Thanks for the follow up. I think I am getting it. When you say multi host,
you are refereing to the setting in nova.conf multi_host, correct?
If I want the traffic to be routed through the controller, I should set
that to false, and not install the nova-network on the compute hosts.
--Brian
On Fri, Jul 24, 2015 at 12:26 PM, Brent Eagles <beagles(a)redhat.com> wrote:
On Thu, Jul 23, 2015 at 04:26:08PM -0500, brian lee wrote:
> So I have made headway on this problem. It was related to my networking.
In
> order to get nova networking working you have to install the
> openstack-nova-network and openstack-nova-api packages on your compute
> nodes as well. You did not have to do this in Icehouse.
>
> Once that is installed, you then need to configure the nova.conf per the
> doc:
>
http://docs.openstack.org/kilo/install-guide/install/yum/content/nova-net...
Note that if you are using multi-host networks then each compute
node is also a network controller, so nova-network and nova-api will be
required on each compute node.
> Once I have done that I am now able to get the instances started. On the
> compute node it does create the br100 bridge device. But it does not
create
> it on the controller.
You can check if openstack-nova-network running on the controller - but
if you are using multi-host networking this is probably irrelevant.

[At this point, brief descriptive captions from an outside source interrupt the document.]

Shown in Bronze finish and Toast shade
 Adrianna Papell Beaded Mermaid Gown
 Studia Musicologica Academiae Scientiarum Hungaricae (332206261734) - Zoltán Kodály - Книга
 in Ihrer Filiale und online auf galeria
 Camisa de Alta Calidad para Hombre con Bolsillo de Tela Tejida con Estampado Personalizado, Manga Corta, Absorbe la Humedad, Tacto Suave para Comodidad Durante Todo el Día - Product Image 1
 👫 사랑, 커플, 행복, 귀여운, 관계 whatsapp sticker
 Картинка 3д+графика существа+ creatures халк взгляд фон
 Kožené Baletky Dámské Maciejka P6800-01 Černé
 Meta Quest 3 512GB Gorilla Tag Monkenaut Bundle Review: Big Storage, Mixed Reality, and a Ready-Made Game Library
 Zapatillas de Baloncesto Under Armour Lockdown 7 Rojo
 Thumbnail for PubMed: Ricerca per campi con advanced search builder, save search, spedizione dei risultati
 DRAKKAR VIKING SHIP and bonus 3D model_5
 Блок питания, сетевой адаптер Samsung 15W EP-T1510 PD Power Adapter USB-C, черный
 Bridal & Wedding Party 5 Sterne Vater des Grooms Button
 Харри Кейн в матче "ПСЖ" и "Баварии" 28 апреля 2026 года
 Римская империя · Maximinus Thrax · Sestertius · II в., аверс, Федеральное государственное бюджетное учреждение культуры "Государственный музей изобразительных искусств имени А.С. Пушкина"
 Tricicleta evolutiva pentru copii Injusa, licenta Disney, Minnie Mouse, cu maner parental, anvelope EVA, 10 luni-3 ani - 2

> Now I am stuck where I can get the instance up, but I can not ping it
from
> the conrtoller/outside network. Any idea what needs to be done to get the
> controller to start its bridge so they can talk together?
>
> --Brian
IIRC, if you are using multi-host networks you need to keep in mind that
while each compute node is a network controller - the reverse is also
true. i.e. a node is only a network controller for an instance's tenant
network IF that node has an instance for that tenant running on it. If
there isn't an instance for a particular tenant on a given node, there
may be no bridge for that tenant network, etc. on it. This has to do
with how the networks are provisioned - the bridges are setup where a
tenant network is required, i.e. where an instance has been booted. Also
of course, there is no standalone network-controller.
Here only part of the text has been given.